Protein Meal is one of the most favored of recent trending foods on earth. It is appreciated by millions every day. It is easy, it’s fast, it tastes yummy. They’re nice and they look wonderful. Protein Meal is something which I’ve loved my whole life.
To begin with this recipe, we have to prepare a few components. You can cook protein meal using 16 ingredients and 14 steps. Here is how you can achieve that.
The ingredients needed to make Protein Meal:
- Make ready 1 cup moong dal
- Prepare 1 cup rice
- Prepare 2 tsp turmeric powder
- Get 2 tbsp ghee
- Prepare 2 tbsp oil
- Prepare to taste salt
- Get 2 tbsp paprika powder
- Get 1 tsp black pepper powder
- Make ready 1 tbsp lemon juice
- Make ready As needed water
- Make ready 1 tbsp semolina (optional)
- Get 1 tsp mustard seeds
- Prepare 1 tsp Jeera/Cumin seeds
- Prepare 1 tsp ginger garlic paste
- Get 4-6 curry leaves
- Prepare 1 1/2 tbsp coriander powder
Your body needs protein to maintain and repair tissues. Meanwhile, children need it for growth. High-protein foods combine with other healthy ingredients to create a weekly meal plan for weight Meal-Prep Tip: Consider making a double batch of Easy Brown Rice so you'll have enough to have for. Delicious snacks and meals high in protein.

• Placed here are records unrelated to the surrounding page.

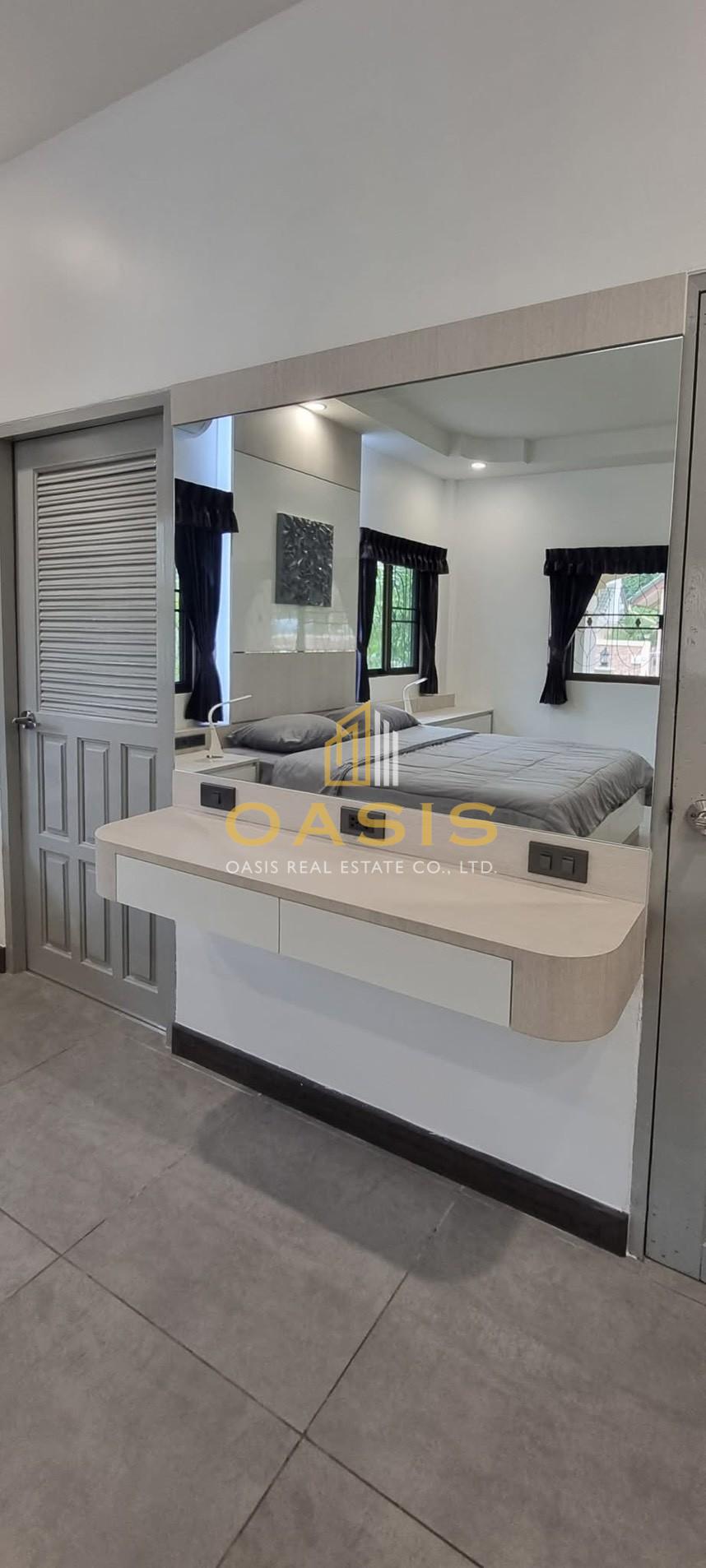 Luxury Pool Villa For Sale near Siam Country Club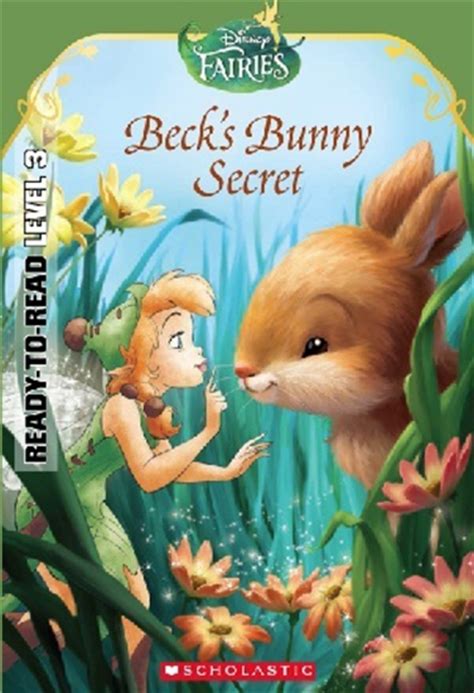 Beck's Bunny Secret Epub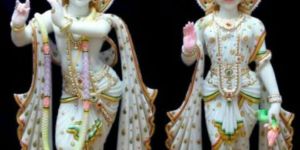 Marble Stone Statues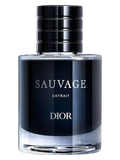 Sauvage Extrait by Dior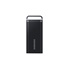 Samsung Externí SSD disk T5 EVO - 8TB - černý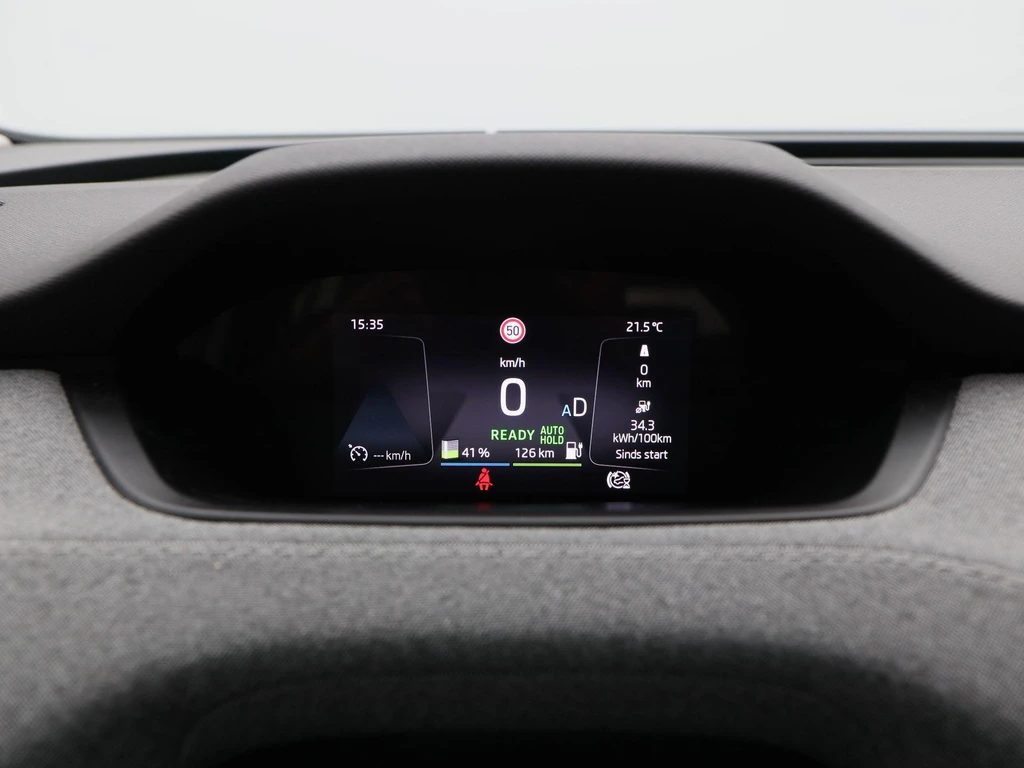 Škoda Enyaq iV – foto 23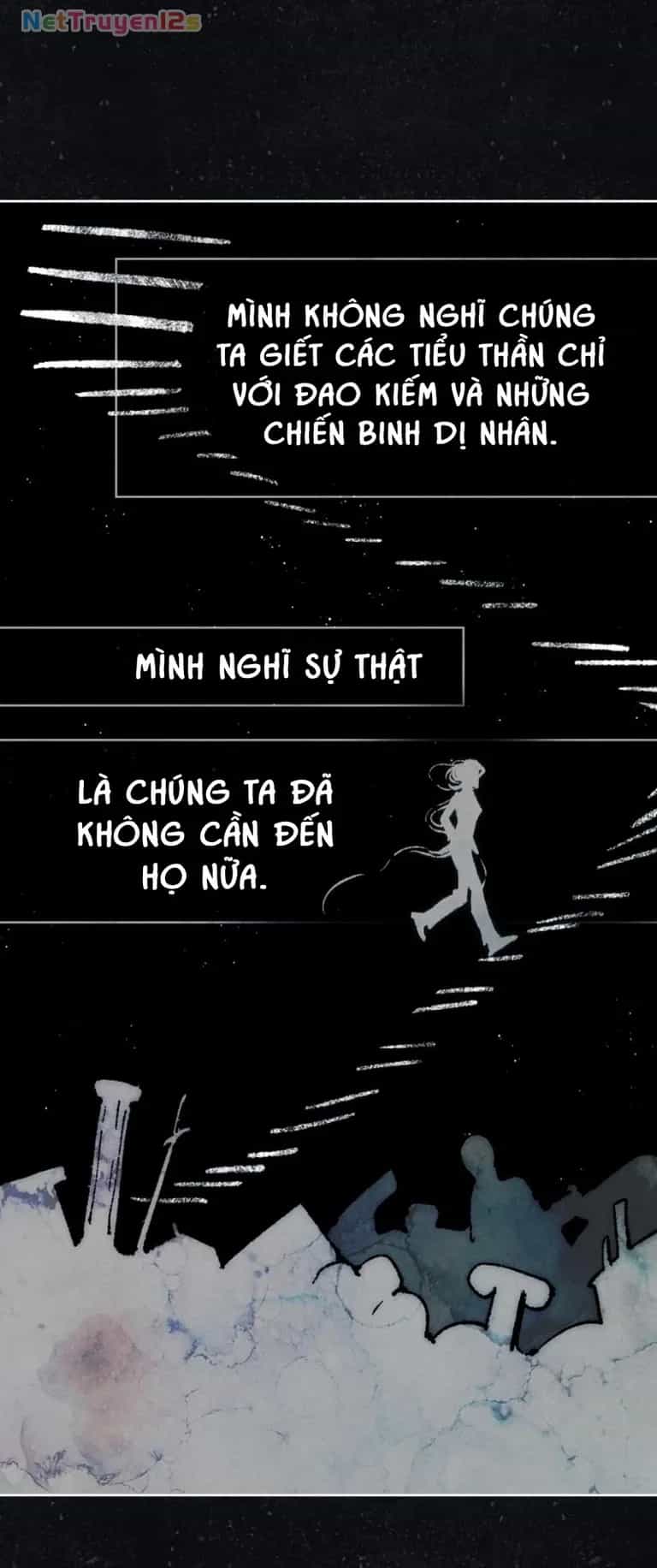 Hand Jumper - Chương 132 - ảnh 32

Instructions to make Protein Meal:
- Cook moong dal for 3 to 4 whistles
- In a kadai or vessel add ghee and let heat
- Add in curry leaves,mustard seeds, jeera, ginger garlic paste
- Add in 1tsp paprika,turmeric,coriander powder
- Add in the boiled daal and salt
- Cook on a low flame for 5mins and add lemon juice
- Marinate chicken breast with 1tsp paprika, coriander powder, pepper powder and salt for about 10mins
- Shallow fry on a nonstick pan as it consumes less oil hence just grease the pan with some oil
- Add few drops of lemon juice of top of fried chicken
- Cut a potato in any shape size you desire.
- Marinate it in ½tsp of turmeric, paprika powder,coriander.Add salt
- Fry on a nonstick pan
- Steam cook white rice
- Serve warm
High-protein foods combine with other healthy ingredients to create a weekly meal plan for weight Meal-Prep Tip: Consider making a double batch of Easy Brown Rice so you'll have enough to have for. Delicious snacks and meals high in protein. It's so important for people to get their protein, and with these recipes it's never been simpler! High protein cooking can be easy and delicious. With so many alternative proteins available now, going meatless (even for a day or two) is more Including vegetarian and vegan options, these high-protein main course recipes will keep your energy.
So that’s going to wrap it up for this exceptional food protein meal recipe. Thank you very much for reading. I am confident that you will make this at home. There is gonna be more interesting food in home recipes coming up. Don’t forget to bookmark this page on your browser, and share it to your family, colleague and friends. Thanks again for reading. Go on get cooking!